Suzette  relaxes against the cooling breeze over her bare arms and chest.  Closing her eyes she gives one last tug on the chains, lifting herself once more to float in the pale summer sky.

A sudden tug on the chain whips her sideways, and she is startled by Father’s booming voice, “Suzette!”

She failed to see him through the halo of the sun’s rays, and a tight wrenching of her arm tears her from the swing and tumbles her to the gravel, scraping her knees.

Yet another yank on her poor arm, his giant hand dragging her up the steps through their kitchen. “No, no, no” she cries, using her left hand to pry his enormous fingers from her arm while he pulls his leather belt like a lethal snake from the belt loops of his navy dress pants.

Father is breathing hard, his face crimson. He tugs her panties down. Suzette’s  brothers are powerless, watching. He wraps the belt around his right hand, forces her down, pressing his left hand with the ruby ring against her kicking legs.

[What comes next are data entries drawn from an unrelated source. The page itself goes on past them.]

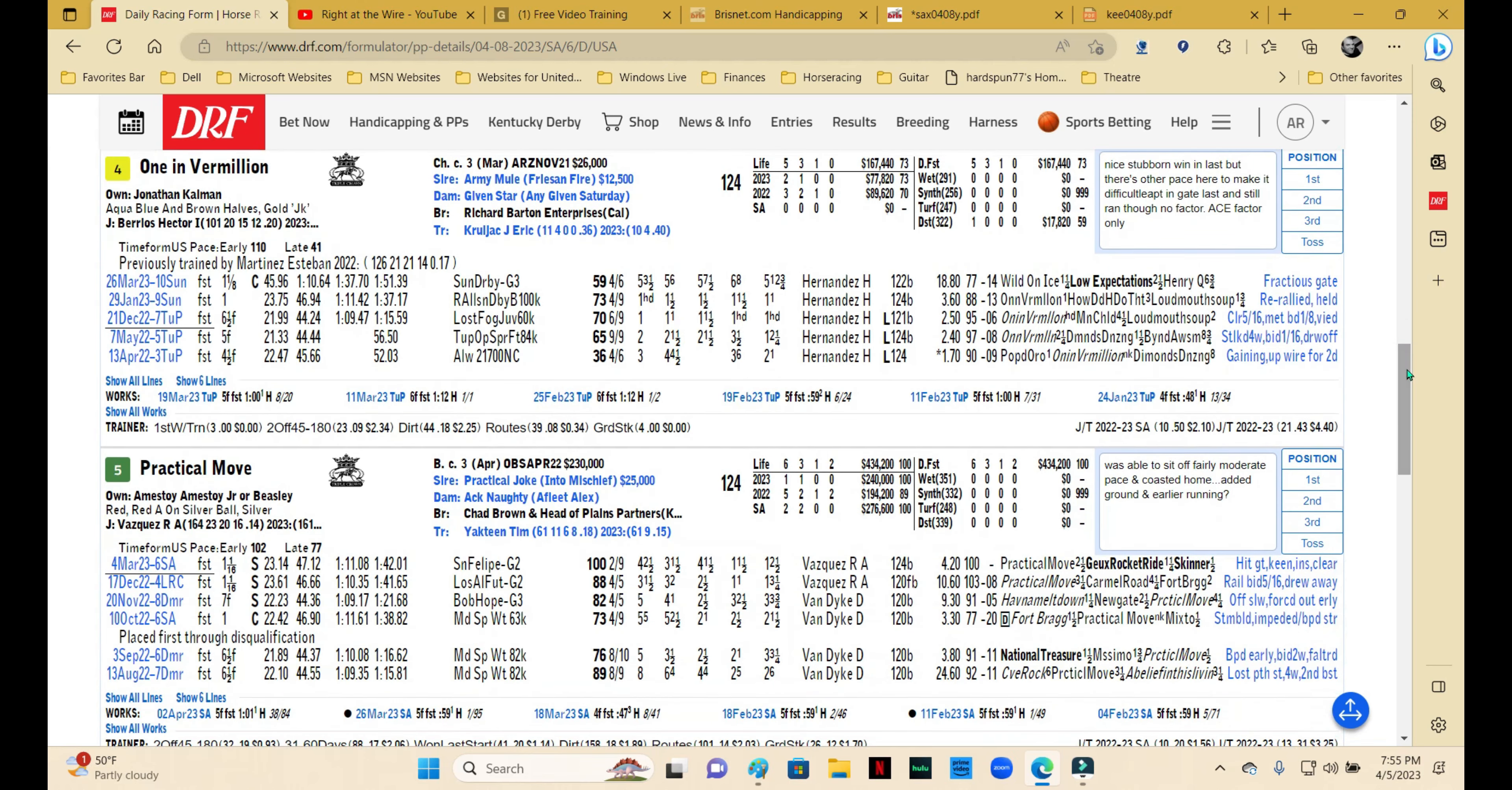Shade of Vermilion hit the gate in the Sunland Derby, that wonderful race we had to watch. He actually hit his head, and I can't believe they didn't scratch him, but I guess because of the purse they gave him a chance to run. He was no factor in the race whatsoever.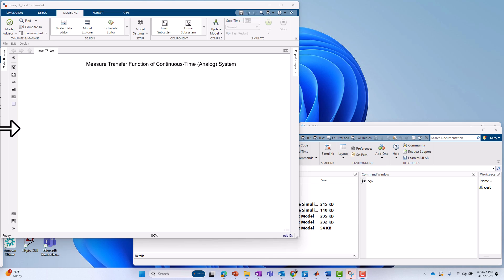Hello, this is Kerry Schuetz with MathWorks, and in this video I'm going to show how to measure the transfer function of a continuous time or analog system.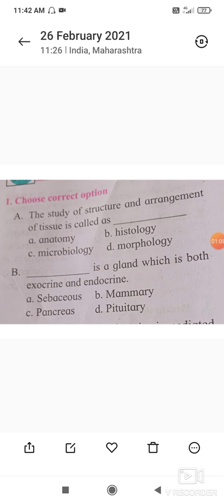The second question is: a gland which is both exocrine and endocrine. In our body two types of glands are present — endocrine glands and exocrine glands. The secretion of endocrine glands is called hormones, but the secretion of exocrine glands may be sweat, sebum, saliva, mucus, wax, etc. Examples of exocrine glands are sweat glands, sebaceous glands, tear glands, wax glands, etc.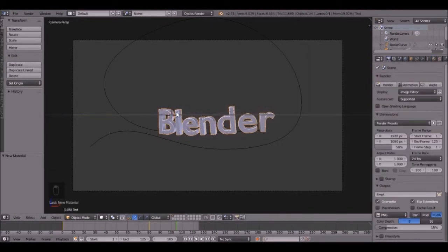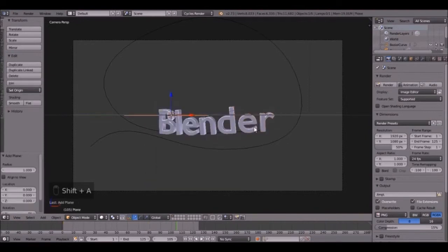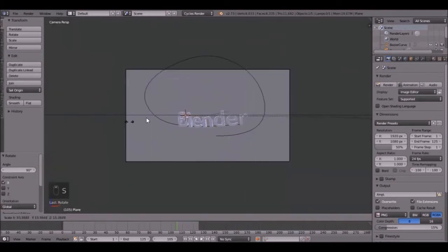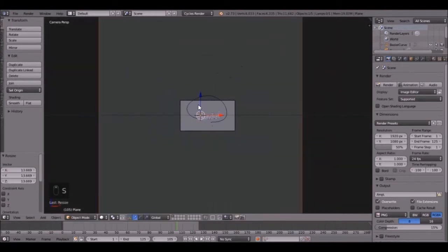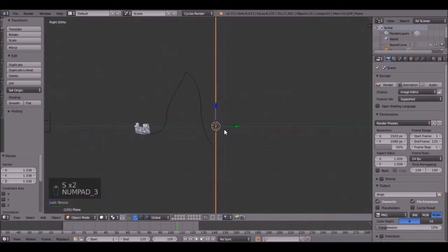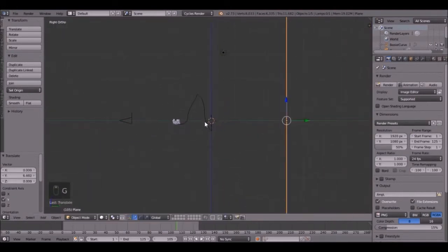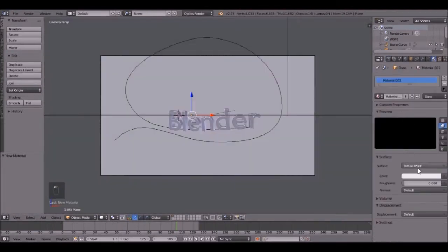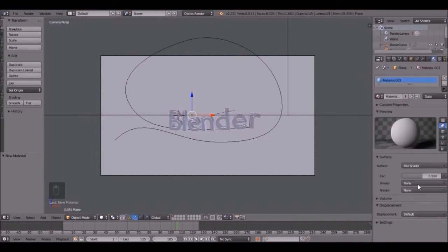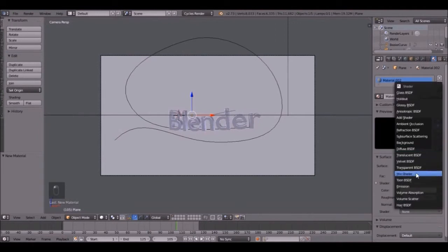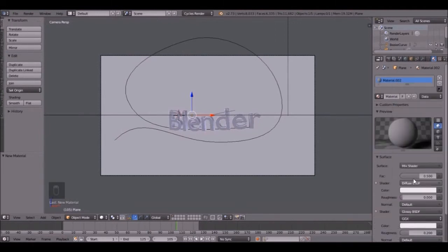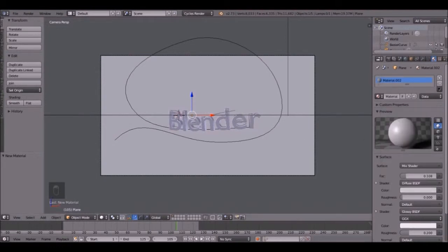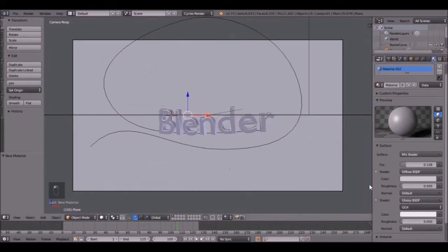So now let's add a background. Press shift A, mesh, plane. Rotate that along the X, R, X, 90. Then scale it up real big. Then press 3 and bring it back to there. Let's set the material up for that. New. Let's change it to mix shader. Diffuse and glossy. Bring the factor down just a tad. Bring it down just a little bit. And change the roughness value to 0.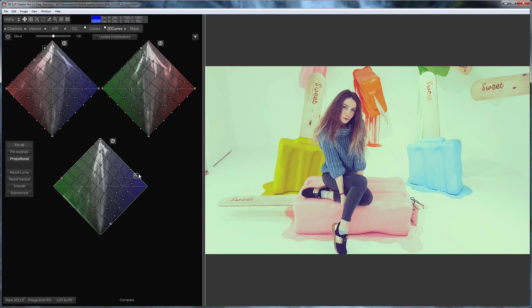Try to work with 2D curves by yourself. Move the vertices of projections into different directions to tint highlights and shadows. That's all. See you in the next video.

The strikes are snapping licks on tender skin. He is breathing heavily. He finishes, and commands her to stop her raging cries, admonishing, “That will teach you to never take your shirt off in public…go to your room!”

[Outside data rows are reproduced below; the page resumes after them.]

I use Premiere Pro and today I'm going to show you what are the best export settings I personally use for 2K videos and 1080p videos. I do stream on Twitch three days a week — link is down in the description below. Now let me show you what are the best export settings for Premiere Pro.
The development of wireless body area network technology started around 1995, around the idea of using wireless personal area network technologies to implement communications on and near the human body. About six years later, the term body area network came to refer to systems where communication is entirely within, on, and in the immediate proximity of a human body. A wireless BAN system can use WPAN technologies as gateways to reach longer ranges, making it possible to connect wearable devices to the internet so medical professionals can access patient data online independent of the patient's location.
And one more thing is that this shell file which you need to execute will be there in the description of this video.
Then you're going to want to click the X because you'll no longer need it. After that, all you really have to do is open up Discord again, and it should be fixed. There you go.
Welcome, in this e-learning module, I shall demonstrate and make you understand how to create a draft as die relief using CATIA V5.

His girth makes it difficult for him to rise, he retreats while Suzette escapes in terror.

Nobody comes to her aid. She curls in a fetal position; a sinking growl emerging. I know I am bad, but I don’t know why God doesn’t help me. I must be very bad.

She awakes, turning her head toward the door when she hears Mother’s call for dinner. The summer sunset is bleeding through weeping gauze draperies filling her room with a bloody glow. She lays there with clinched fists. I’m not hungry. I will never eat again. I will die here and they will find me and be sorry, and miss me.   And I will be dead! Father will miss me most because he killed me; and he will always be sorry. Forever.

Sunday morning all is forgotten as they march up to the rustic make-shift warehouse next to the railroad tracks. Father and Mother separate from them, blending into the upstairs hall, while the children take the steep stairs down to the basement Sunday School. Suzette pauses to hold the railing so she can look up at the portrait of Jesus. In the painting Jesus is pulling children into his lap. Suzette trembles, longing for his touch. She clutches the rail that turns steeply to the right,  wondering why she is so bad, and why she doesn’t deserve Father’s love. She decides that Jesus wouldn’t love her either. Her sister demands, “Move! Suzette!” She lowers her head to avoid looking Jesus in the eye, and steps down.